La dette publique mexicaine a quasiment doublé en montant au cours du sexennat d’Enrique Peña Nieto, passant de 5 500 Mds MXN (250,6 Mds EUR)[1] en décembre 2012 à près de 10 500 Mds MXN (475 Mds EUR) en juin 2018, soit un montant égal à 46,4% du PIB[2] contre 34,8 % du PIB en 2012 (incluant à la fois la dette du Gouvernement Fédéral et des organismes et entreprises publiques, notamment Petróleos Mexicanos – Pemex et la Comisión Federal de Electricidad – CFE[3]). Le niveau d’endettement du Mexique a gagné 12,4 points de pourcentage depuis 2012 – avec une augmentation annuelle moyenne de 3,7 pp entre 2012 et 2016.

La dégradation des finances publiques mexicaines a été particulièrement marquée entre 2012 et 2015, avec un déficit budgétaire compris entre -2,3 % en 2013 et -3,3% en 2015. Le Gouvernement pariait alors sur une augmentation du taux de croissance du pays à 4 % sous l’effet des réformes structurelles, taux qui aurait permis d’absorber l’augmentation de la dette ; cette accélération de la croissance ne s’est de fait pas produite (le taux de croissance étant resté relativement stable, autour de 2,5 % en moyenne sur la période), conduisant à une augmentation du ratio dette/PIB. La dette a ainsi atteint 49,4 % du PIB fin 2016. Depuis 2017 et sous l’effet des mesures de coupes budgétaires, on assiste à une diminution du ratio dette/PIB à 47,2 % fin 2017 et 46,4 % en juin  2018.

En conséquence, le pays a connu une hausse significative du coût du service de sa dette, lequel devrait représenter 2,8 % du PIB (contre 1,9 % en 2012), soit une croissance de 112% à la fin du sexennat.  L’augmentation du coût de la dette est principalement due à celle des entreprises publiques (entre 2017 et 2018 : PEMEX +16,8% ; CFE +16,5% / sur le mandat d’EPN : PEMEX +163% ; CFE +127%). La croissance du coût du service de la dette a surtout été visible sur la dette externe (+160% vs. +91% pour la dette interne), sous l’effet de la hausse des taux d’intérêt (notamment en 2016 et 2017 ; +0,3pts et +1,1pts sur le taux d’intérêt à long terme) et de la dépréciation du MXN (notamment en 2015 et 2016 avec des dépréciations de 16% et 14% respectivement). 

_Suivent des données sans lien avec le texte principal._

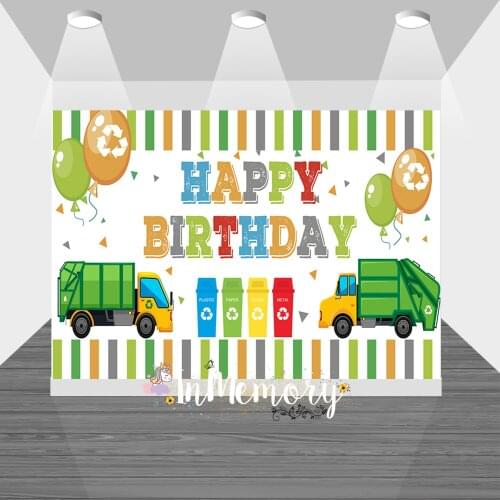 Baby Boy Birthday Party Backgrounds Viny Customized Garbage Truck Trash Sorting Balloons Newborn Photography Backdrops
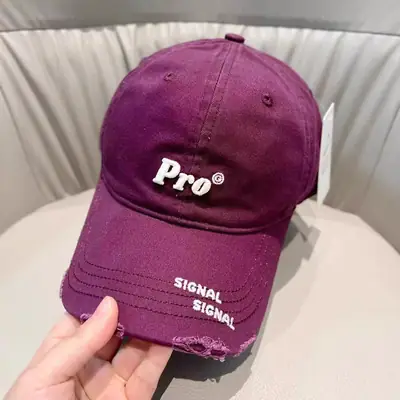 White Pro Embroidered Baseball Cap Women Korean Style
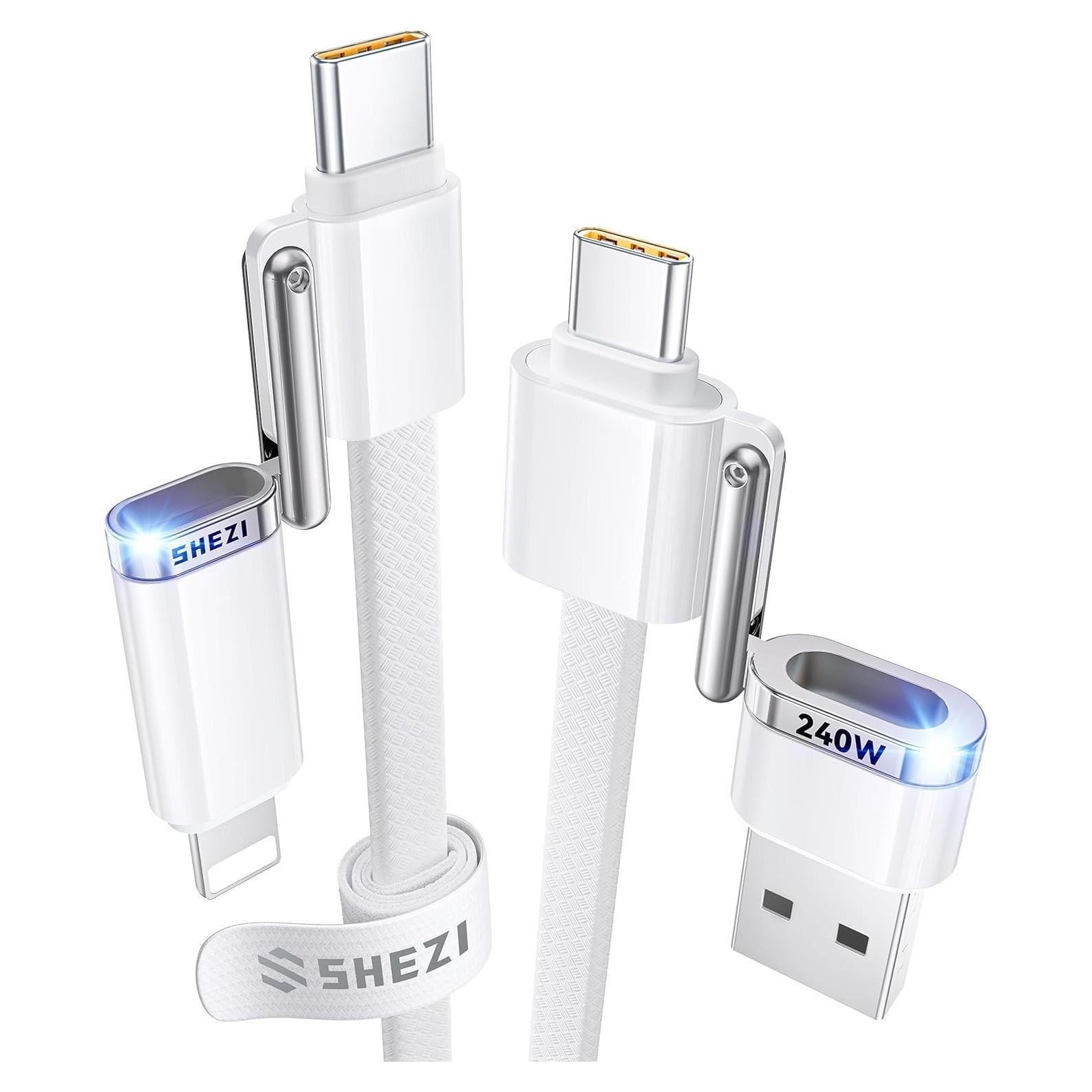 Cable USB C 4-en-1 SHEZI 240W Carga Rápida 1.5m Blanco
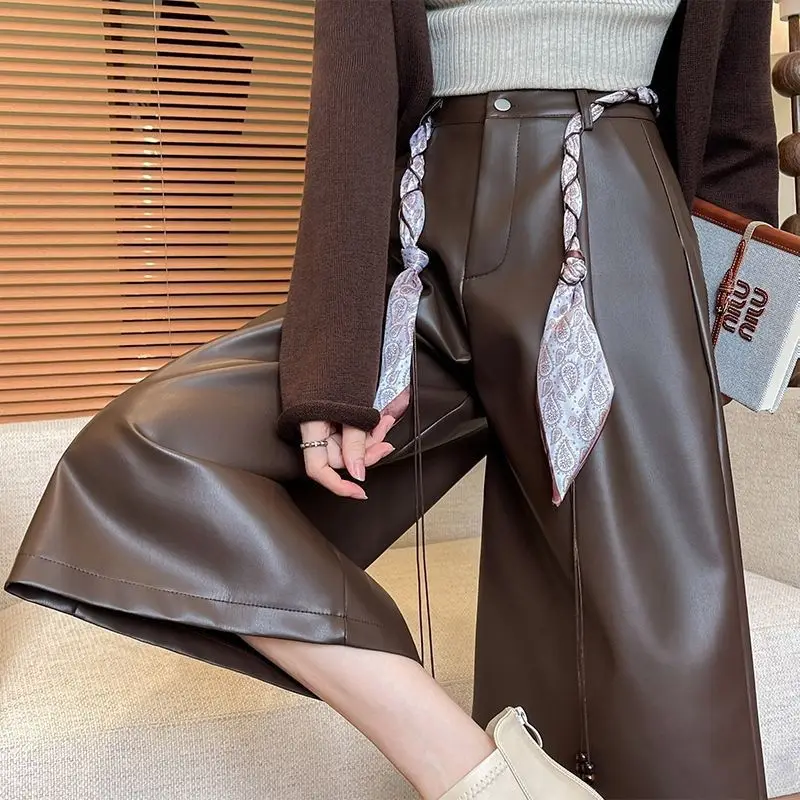 Coffee PU leather eight-point pants women's autumn 2025 new Maillard loose high-waisted and thin versatile straight casual pants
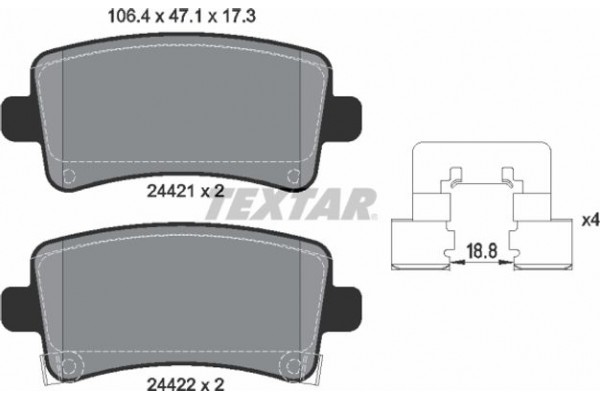 Textar Σετ τακάκια, Δισκόφρενα - 2442101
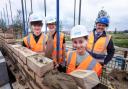 The Ernulf students tried their hands at bricklaying.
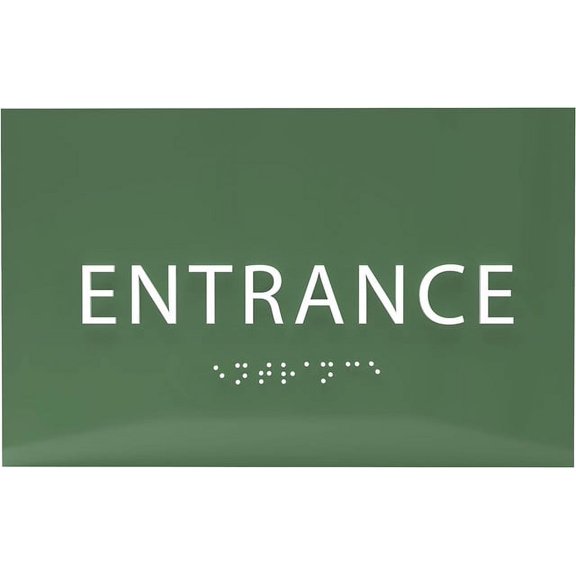 ADA CENTRAL SIGNS - 6" X4" Entrance Sign - ADA Compliant Tactile Graphics Grade 2 Braille Text | Wall Mount Plastic Signs for Shopping Malls, Offices, Hotels, Schools, Apartments & Restaurants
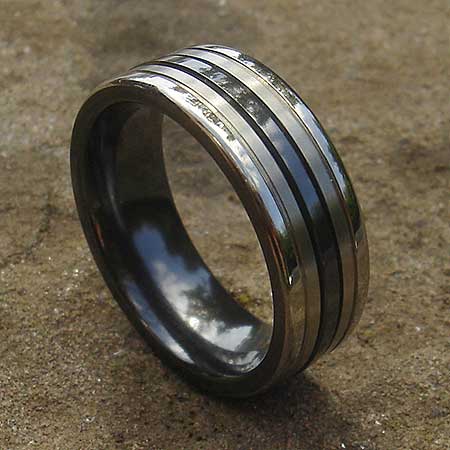Triple tone wedding ring for men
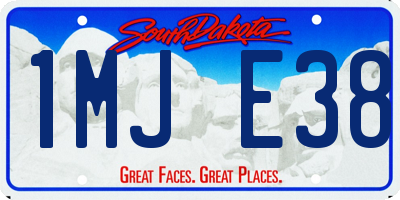 SD license plate 1MJE38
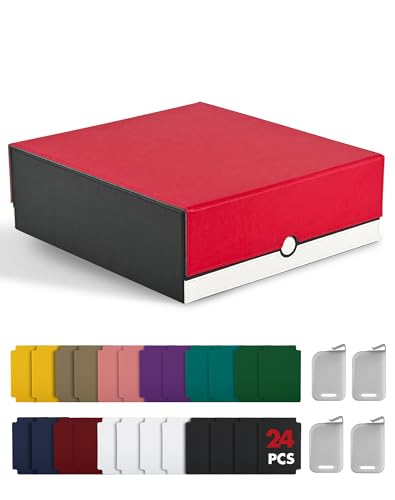 Card Storage Box for 3200+ Cards, Deck Organizer with 4 Stoppers, Red & White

En dépit de l’augmentation du niveau de dette au cours des 6 dernières années, il convient de noter que les niveaux de dette et la composition de cette dernière restent maîtrisés et sans risque immédiat pour le pays, notamment au regard de la situation des autres émergents. Le Mexique fait partie des émergents ayant la part des non-résidents dans la base des investisseurs la plus faible[4] (légèrement au-dessus de 30% et très stable sur 26 derniers mois selon nos interlocuteurs chez Banxico). Le constat est similaire pour la part de la dette issue en devises étrangères (autours de 17%[5]). Les risques associés à une dépréciation du peso face au dollar ou du fait d’une part importante des non-résidents investisseurs lors du roll-over de la dette existante sont relativement faibles et inférieurs aux risques moyens des autres émergents.

 

Une amélioration des finances publiques confirmée pour la dernière année de mandat d’EPN

Les finances publiques mexicaines ont connu un assainissement depuis 2016, au détriment de l’investissement public. La balance primaire a connu une amélioration significative depuis 2016 (déficit de 1,2% du PIB en 2015, ­‑0,1% en 2016), atteignant pour la 1ère fois en 2017 un excédent (1,4% du PIB), permettant une diminution du ratio dette/PIB en 2017. Il convient toutefois de noter que l’excédent enregistré en 2017 provient en totalité du versement par la Banque centrale du Mexique du montant correspondant à son solde d’opérations de marché (321,653 Mds MXN soit 14,7 Mds EUR). Sans l’intervention de Banxico, le déficit primaire aurait été de 0,07% du PIB. Cet assainissement s’est par ailleurs fait au détriment de l’investissement public, lequel est passé de 4,3% du PIB en 2012 à 2,6% en 2017, soit un montant quasi équivalent aux dépenses liées au service de la dette.

L’objectif de surplus primaire du Gouvernement pour 2018 devrait être atteint. Si la performance établie entre janvier et juin 2018 se confirme sur le second semestre  (121,1 Mds MXN soit 5,5 Mds EUR de surplus primaire sur le 1er semestre), les experts prévoient que le Gouvernement atteigne son objectif de surplus primaire de 0,8% du PIB, et ce même en l’absence d’apport du solde d’opérations positif pour Banxico en 2018[6].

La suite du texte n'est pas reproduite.